[Records from a collection]
————

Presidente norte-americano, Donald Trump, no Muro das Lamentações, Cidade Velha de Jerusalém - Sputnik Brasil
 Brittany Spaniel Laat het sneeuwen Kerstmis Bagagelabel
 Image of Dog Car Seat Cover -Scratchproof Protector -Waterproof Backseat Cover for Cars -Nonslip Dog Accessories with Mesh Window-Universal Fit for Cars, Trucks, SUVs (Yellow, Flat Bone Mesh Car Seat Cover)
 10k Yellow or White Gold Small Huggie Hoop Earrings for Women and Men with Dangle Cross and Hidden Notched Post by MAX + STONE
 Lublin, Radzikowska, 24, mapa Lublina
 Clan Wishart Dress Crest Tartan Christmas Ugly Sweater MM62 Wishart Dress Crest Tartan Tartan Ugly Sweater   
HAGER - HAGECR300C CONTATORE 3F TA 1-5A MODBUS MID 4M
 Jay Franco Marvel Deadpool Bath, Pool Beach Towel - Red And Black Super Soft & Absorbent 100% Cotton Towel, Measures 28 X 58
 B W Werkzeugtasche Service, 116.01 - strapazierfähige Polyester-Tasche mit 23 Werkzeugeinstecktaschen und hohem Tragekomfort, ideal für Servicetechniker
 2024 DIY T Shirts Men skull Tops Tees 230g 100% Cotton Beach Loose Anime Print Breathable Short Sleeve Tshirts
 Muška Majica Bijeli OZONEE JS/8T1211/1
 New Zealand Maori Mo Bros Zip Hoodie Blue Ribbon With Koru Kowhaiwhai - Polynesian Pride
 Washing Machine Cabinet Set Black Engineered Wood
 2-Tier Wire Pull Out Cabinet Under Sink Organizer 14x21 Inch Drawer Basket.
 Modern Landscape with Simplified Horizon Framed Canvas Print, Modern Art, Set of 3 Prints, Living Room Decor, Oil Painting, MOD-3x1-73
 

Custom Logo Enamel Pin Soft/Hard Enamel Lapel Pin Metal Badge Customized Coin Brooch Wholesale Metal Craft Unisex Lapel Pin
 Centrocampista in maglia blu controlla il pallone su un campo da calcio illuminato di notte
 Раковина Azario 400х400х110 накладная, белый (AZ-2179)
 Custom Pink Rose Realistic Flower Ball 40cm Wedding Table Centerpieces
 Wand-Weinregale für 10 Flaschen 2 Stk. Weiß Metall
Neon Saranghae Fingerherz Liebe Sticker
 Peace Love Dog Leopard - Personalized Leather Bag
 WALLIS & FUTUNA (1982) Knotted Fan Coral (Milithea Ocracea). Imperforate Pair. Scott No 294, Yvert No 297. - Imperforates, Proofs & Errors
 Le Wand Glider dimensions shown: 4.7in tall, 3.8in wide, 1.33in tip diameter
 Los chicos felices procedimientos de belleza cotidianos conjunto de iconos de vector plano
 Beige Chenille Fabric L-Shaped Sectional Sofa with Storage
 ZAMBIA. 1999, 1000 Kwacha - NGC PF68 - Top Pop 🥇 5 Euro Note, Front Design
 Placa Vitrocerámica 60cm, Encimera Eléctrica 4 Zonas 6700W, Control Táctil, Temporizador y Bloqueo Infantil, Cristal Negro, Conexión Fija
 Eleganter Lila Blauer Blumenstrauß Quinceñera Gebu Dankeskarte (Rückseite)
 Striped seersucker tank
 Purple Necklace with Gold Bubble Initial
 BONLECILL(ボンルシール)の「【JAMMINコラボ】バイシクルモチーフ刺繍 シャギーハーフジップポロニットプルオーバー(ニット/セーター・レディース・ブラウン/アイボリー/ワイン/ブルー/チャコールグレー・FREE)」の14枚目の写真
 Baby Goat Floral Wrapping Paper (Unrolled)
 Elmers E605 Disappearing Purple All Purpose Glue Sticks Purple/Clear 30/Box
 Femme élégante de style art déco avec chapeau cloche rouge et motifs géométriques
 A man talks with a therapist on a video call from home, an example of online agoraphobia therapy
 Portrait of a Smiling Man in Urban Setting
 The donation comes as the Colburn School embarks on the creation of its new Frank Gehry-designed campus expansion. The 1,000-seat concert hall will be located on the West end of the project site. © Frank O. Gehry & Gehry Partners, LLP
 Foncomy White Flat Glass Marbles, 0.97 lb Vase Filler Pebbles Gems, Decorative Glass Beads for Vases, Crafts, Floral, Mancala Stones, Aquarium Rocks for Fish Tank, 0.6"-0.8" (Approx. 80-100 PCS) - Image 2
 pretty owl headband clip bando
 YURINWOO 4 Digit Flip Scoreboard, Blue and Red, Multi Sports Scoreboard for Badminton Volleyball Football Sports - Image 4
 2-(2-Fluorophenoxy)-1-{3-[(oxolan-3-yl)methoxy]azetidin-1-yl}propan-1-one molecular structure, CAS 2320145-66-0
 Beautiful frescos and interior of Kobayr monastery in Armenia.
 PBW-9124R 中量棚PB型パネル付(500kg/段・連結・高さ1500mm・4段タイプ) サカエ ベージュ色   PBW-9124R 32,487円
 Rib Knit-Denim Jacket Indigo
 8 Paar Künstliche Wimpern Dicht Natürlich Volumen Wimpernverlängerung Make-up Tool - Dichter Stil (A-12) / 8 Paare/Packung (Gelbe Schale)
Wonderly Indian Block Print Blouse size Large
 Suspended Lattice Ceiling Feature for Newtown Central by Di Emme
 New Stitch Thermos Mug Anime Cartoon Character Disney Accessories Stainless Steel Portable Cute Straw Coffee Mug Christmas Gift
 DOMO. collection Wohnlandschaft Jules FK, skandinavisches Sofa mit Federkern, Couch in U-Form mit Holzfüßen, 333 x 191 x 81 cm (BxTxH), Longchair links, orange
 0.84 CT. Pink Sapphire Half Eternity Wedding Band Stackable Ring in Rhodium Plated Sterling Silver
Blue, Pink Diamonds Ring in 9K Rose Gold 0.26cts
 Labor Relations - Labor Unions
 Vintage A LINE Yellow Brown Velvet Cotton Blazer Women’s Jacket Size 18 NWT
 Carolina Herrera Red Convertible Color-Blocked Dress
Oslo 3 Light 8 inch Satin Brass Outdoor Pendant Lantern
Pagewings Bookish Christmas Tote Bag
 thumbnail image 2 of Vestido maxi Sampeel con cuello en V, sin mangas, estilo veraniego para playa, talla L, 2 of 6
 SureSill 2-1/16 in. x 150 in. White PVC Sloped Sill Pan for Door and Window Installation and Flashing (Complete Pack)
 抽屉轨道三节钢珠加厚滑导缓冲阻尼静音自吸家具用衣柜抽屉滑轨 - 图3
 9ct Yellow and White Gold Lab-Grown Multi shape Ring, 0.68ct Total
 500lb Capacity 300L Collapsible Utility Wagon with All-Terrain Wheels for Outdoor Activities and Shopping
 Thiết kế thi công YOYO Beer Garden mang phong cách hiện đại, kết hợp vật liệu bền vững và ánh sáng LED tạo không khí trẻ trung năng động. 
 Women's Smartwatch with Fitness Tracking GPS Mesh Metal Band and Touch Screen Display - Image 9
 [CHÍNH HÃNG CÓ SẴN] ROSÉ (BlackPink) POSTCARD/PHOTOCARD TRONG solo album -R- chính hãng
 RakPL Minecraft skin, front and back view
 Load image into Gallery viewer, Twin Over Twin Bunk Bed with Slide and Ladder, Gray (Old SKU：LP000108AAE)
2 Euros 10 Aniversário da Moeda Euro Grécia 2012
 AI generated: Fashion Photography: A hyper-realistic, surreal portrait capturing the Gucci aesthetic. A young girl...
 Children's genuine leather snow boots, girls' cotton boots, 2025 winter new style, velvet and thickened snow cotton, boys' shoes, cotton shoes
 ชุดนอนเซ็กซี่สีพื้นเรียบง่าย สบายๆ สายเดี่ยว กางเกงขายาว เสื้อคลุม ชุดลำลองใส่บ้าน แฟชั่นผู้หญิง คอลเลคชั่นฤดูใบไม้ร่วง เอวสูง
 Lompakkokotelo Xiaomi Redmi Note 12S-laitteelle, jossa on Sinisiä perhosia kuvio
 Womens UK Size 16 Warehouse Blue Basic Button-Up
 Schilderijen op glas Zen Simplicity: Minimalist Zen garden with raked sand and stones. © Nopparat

————

What to do:
Return only the lines between the one holding "Peace Love Dog" and the one holding "Femme élégante de", inclusive, exactly as they appear above.

Answer to this problem:
 Peace Love Dog Leopard - Personalized Leather Bag
 WALLIS & FUTUNA (1982) Knotted Fan Coral (Milithea Ocracea). Imperforate Pair. Scott No 294, Yvert No 297. - Imperforates, Proofs & Errors
 Le Wand Glider dimensions shown: 4.7in tall, 3.8in wide, 1.33in tip diameter
 Los chicos felices procedimientos de belleza cotidianos conjunto de iconos de vector plano
 Beige Chenille Fabric L-Shaped Sectional Sofa with Storage
 ZAMBIA. 1999, 1000 Kwacha - NGC PF68 - Top Pop 🥇 5 Euro Note, Front Design
 Placa Vitrocerámica 60cm, Encimera Eléctrica 4 Zonas 6700W, Control Táctil, Temporizador y Bloqueo Infantil, Cristal Negro, Conexión Fija
 Eleganter Lila Blauer Blumenstrauß Quinceñera Gebu Dankeskarte (Rückseite)
 Striped seersucker tank
 Purple Necklace with Gold Bubble Initial
 BONLECILL(ボンルシール)の「【JAMMINコラボ】バイシクルモチーフ刺繍 シャギーハーフジップポロニットプルオーバー(ニット/セーター・レディース・ブラウン/アイボリー/ワイン/ブルー/チャコールグレー・FREE)」の14枚目の写真
 Baby Goat Floral Wrapping Paper (Unrolled)
 Elmers E605 Disappearing Purple All Purpose Glue Sticks Purple/Clear 30/Box
 Femme élégante de style art déco avec chapeau cloche rouge et motifs géométriques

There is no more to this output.